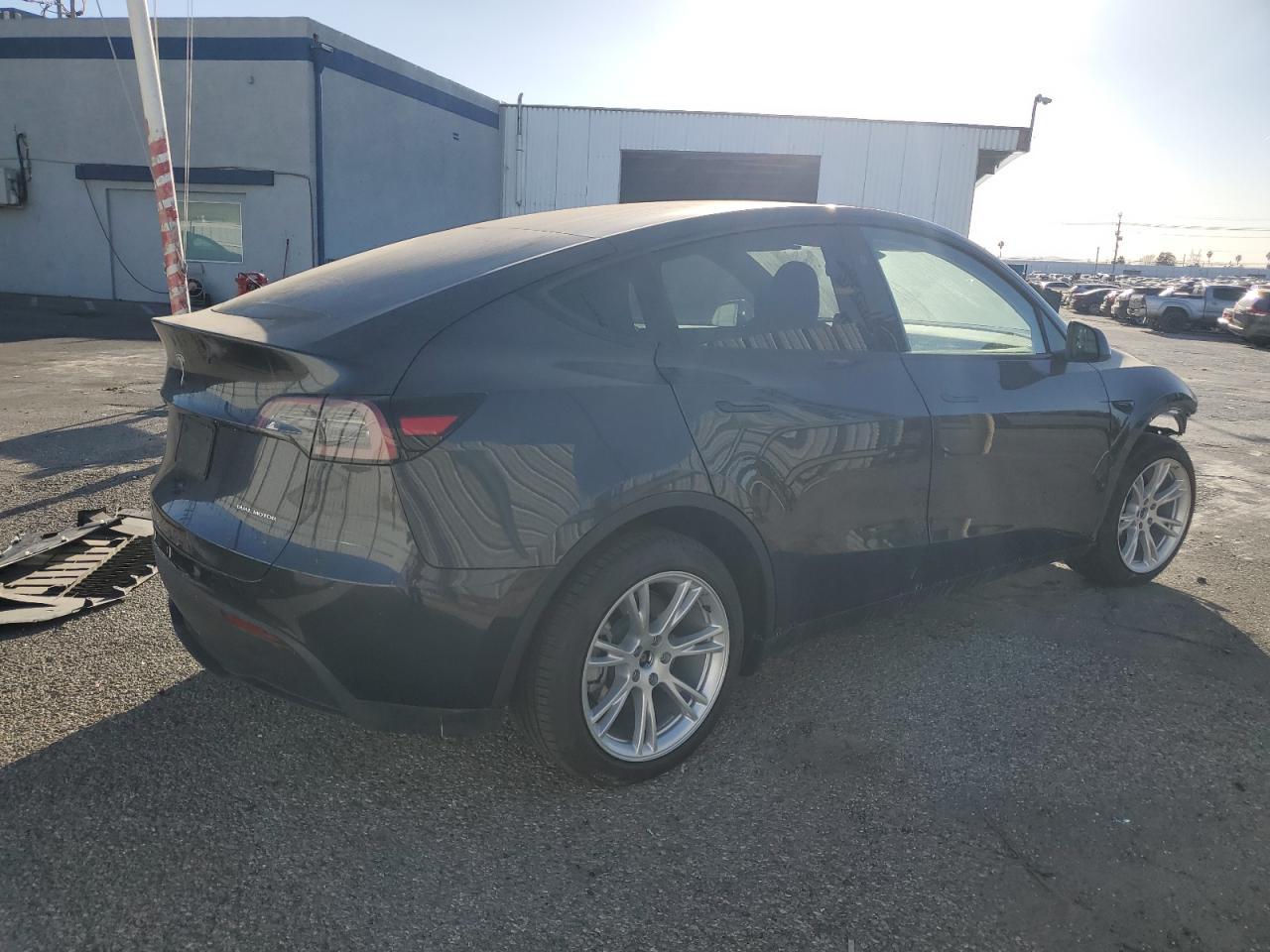 2024 TESLA MODEL Y - Image 3
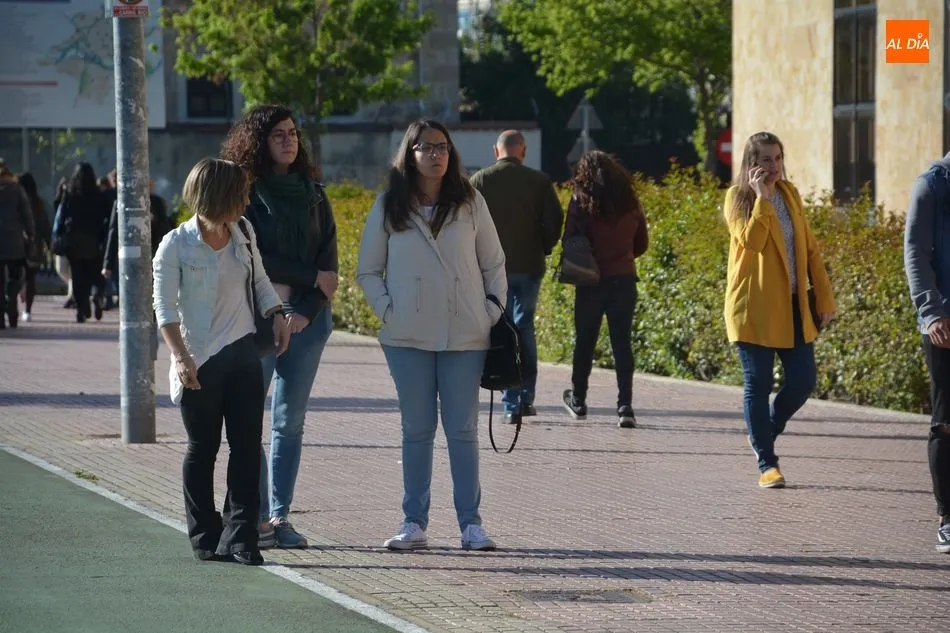Foto 6 - M&aacute;s de 11.000 personas realizan las oposiciones de enfermer&iacute;a del Sacyl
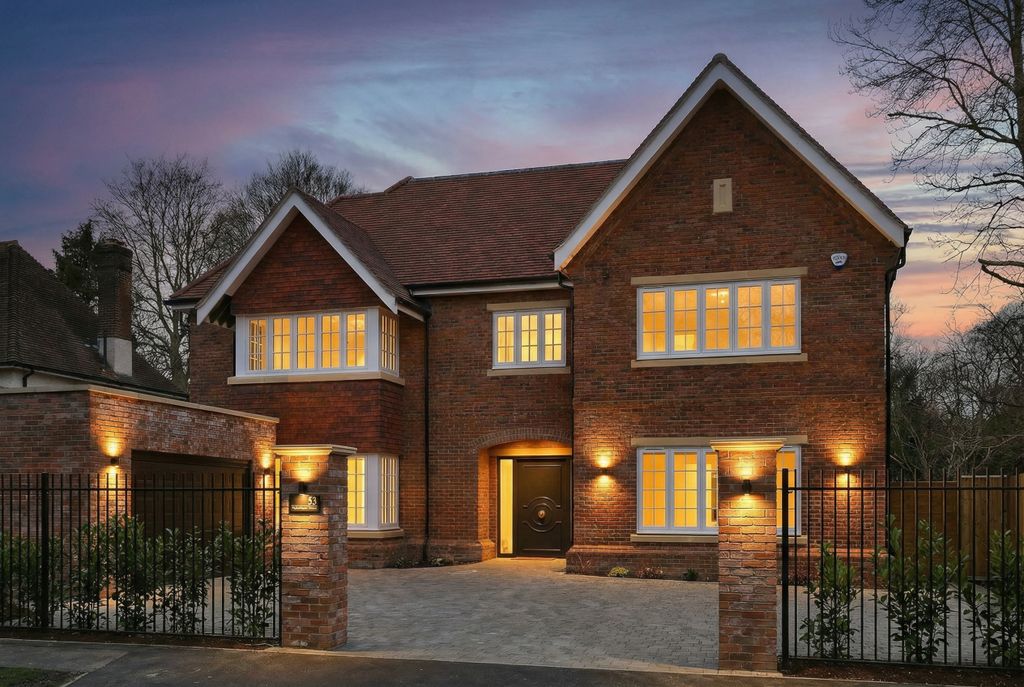 6 bed detached house for saleLedborough Lane, Beaconsfield HP9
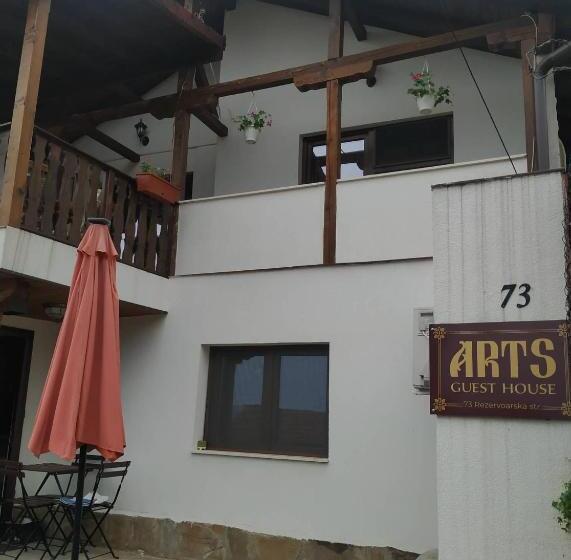پانسیون Arts Guest House  Beautiful Villa For 6 Persons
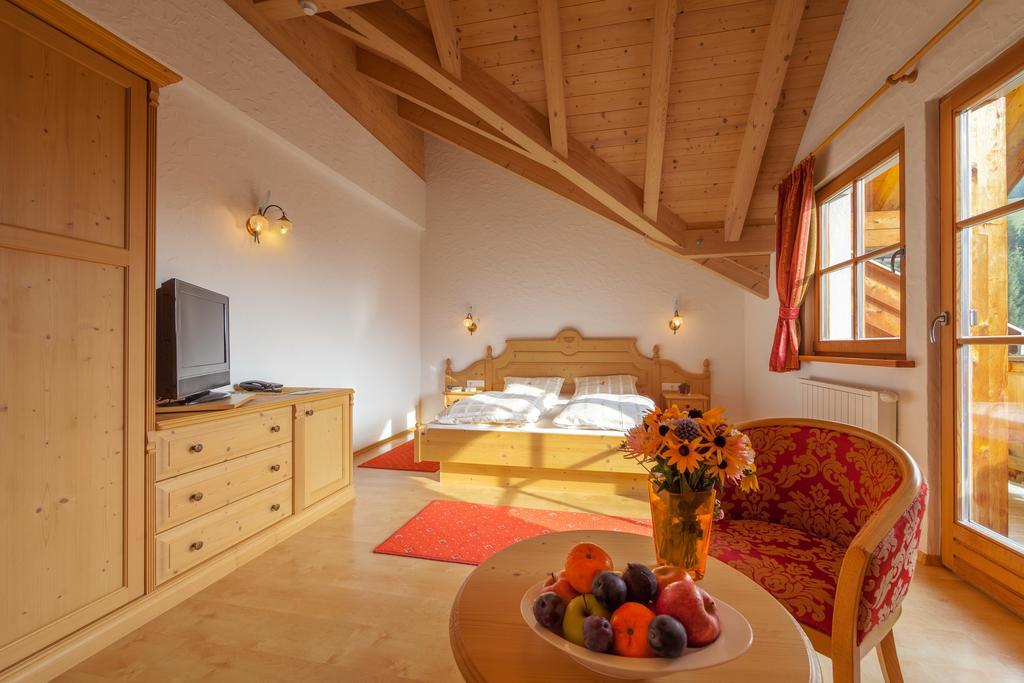Hotel Tolderhof San Candido Esterno foto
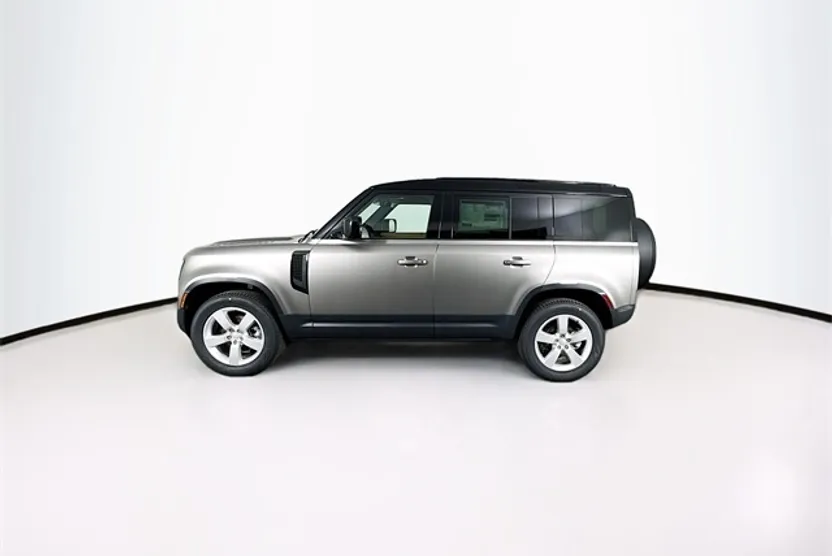 2025 Land Rover Defender 110 S photo 1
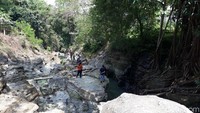 Beberapa batu menyerupai haluan kapal yang sangat Instagramable. Suasana di Batu Kapal juga sangat teduh sehingga membuat wisatawan betah berlama-lama di atas bebatuan.
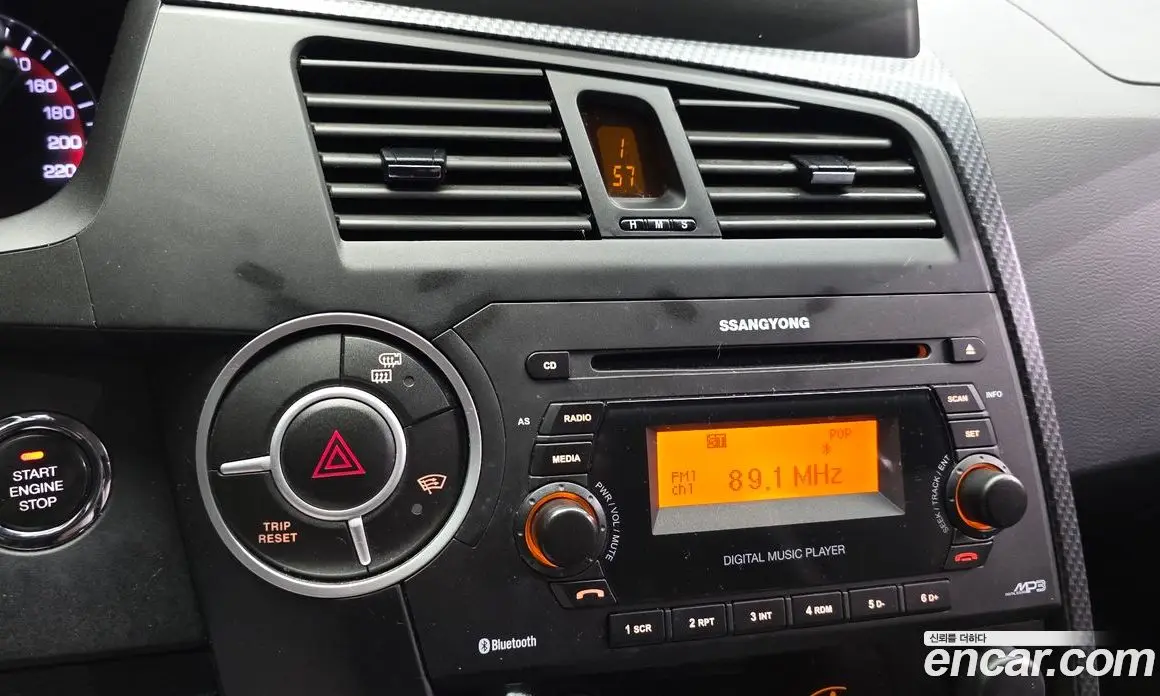 SsangYong Korando 2015 2.0 автомат (гидро), фото 22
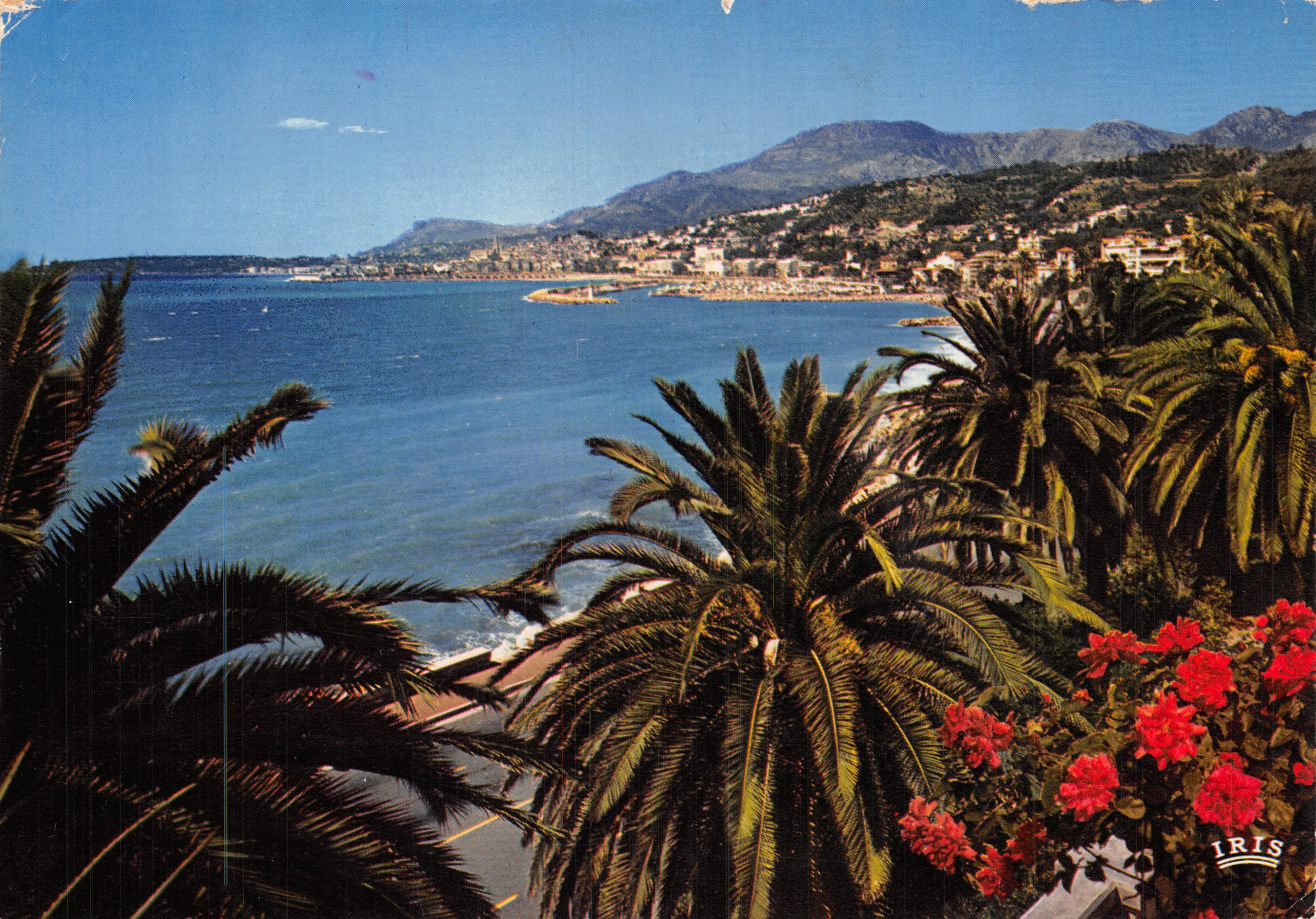 Menton — vista panoramica della baia e delle montagne — editore IRIS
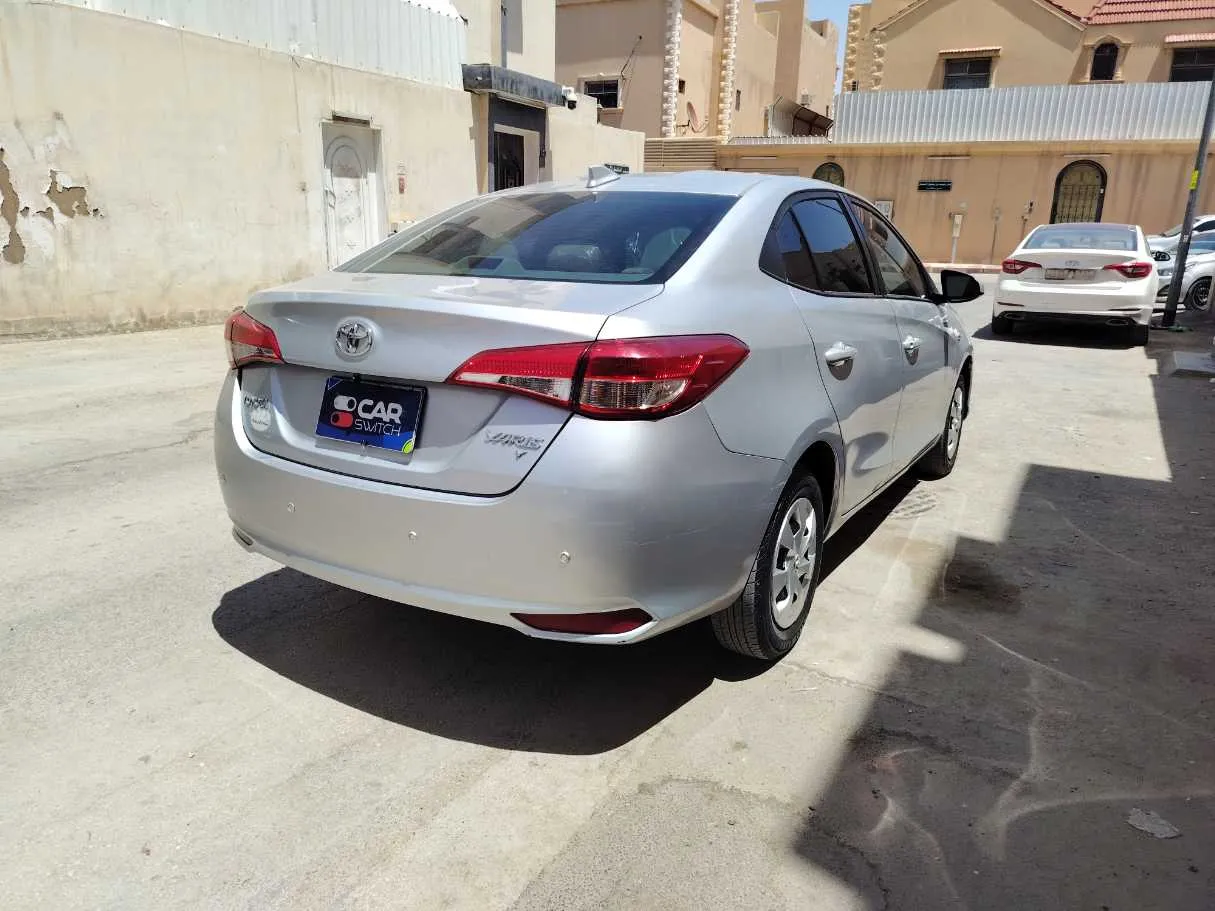 Car image 5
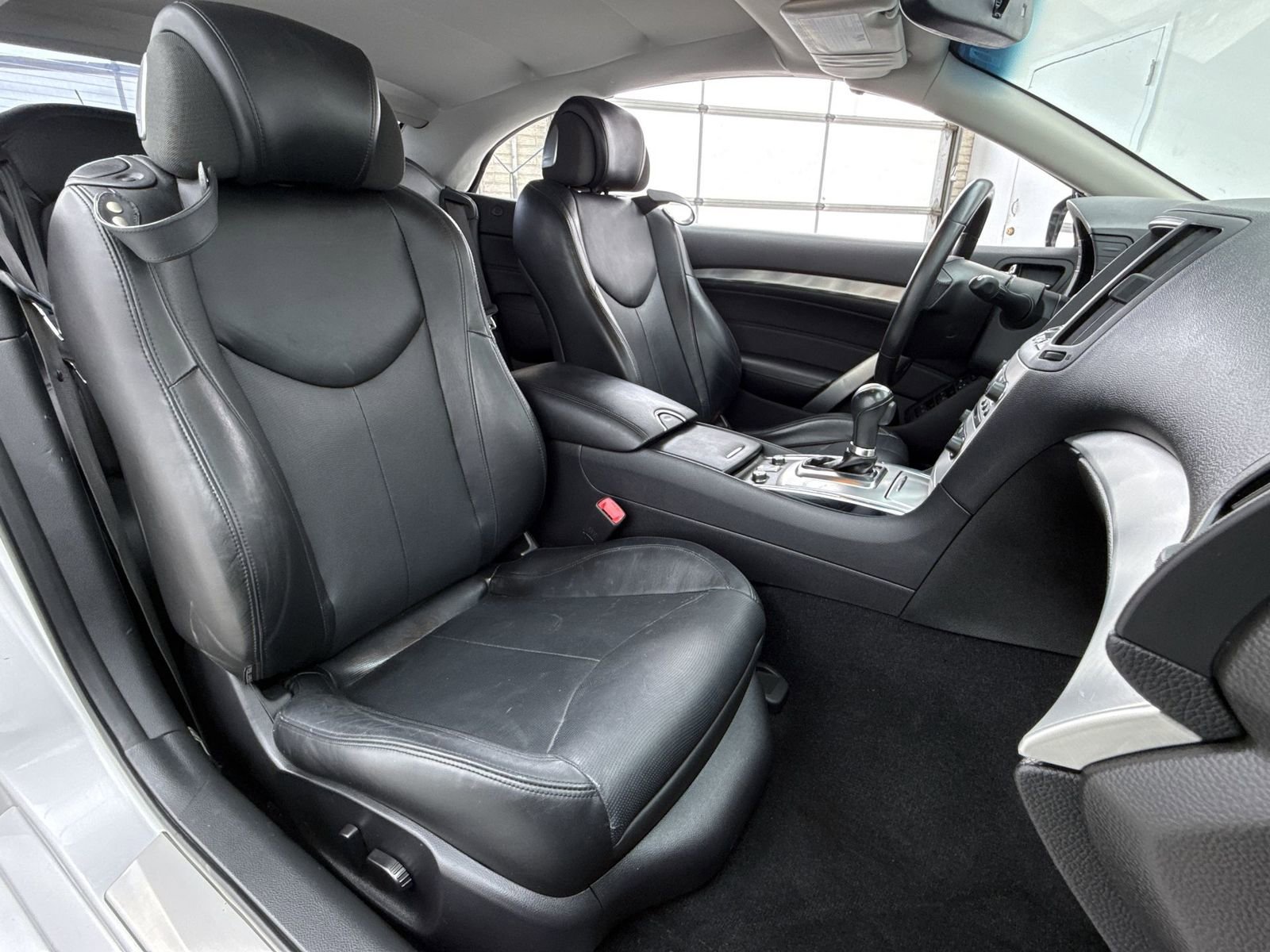 Used 2015 INFINITI Q60 Convertible w/ Premium Package image 13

■ **Your goal**
For this copy, leave pictures out and reproduce the lines from the one bearing "Menton — vista" through the final line of the listing above, both ends included.

■ **Response for this exercise**
 Menton — vista panoramica della baia e delle montagne — editore IRIS
 Car image 5
 Used 2015 INFINITI Q60 Convertible w/ Premium Package image 13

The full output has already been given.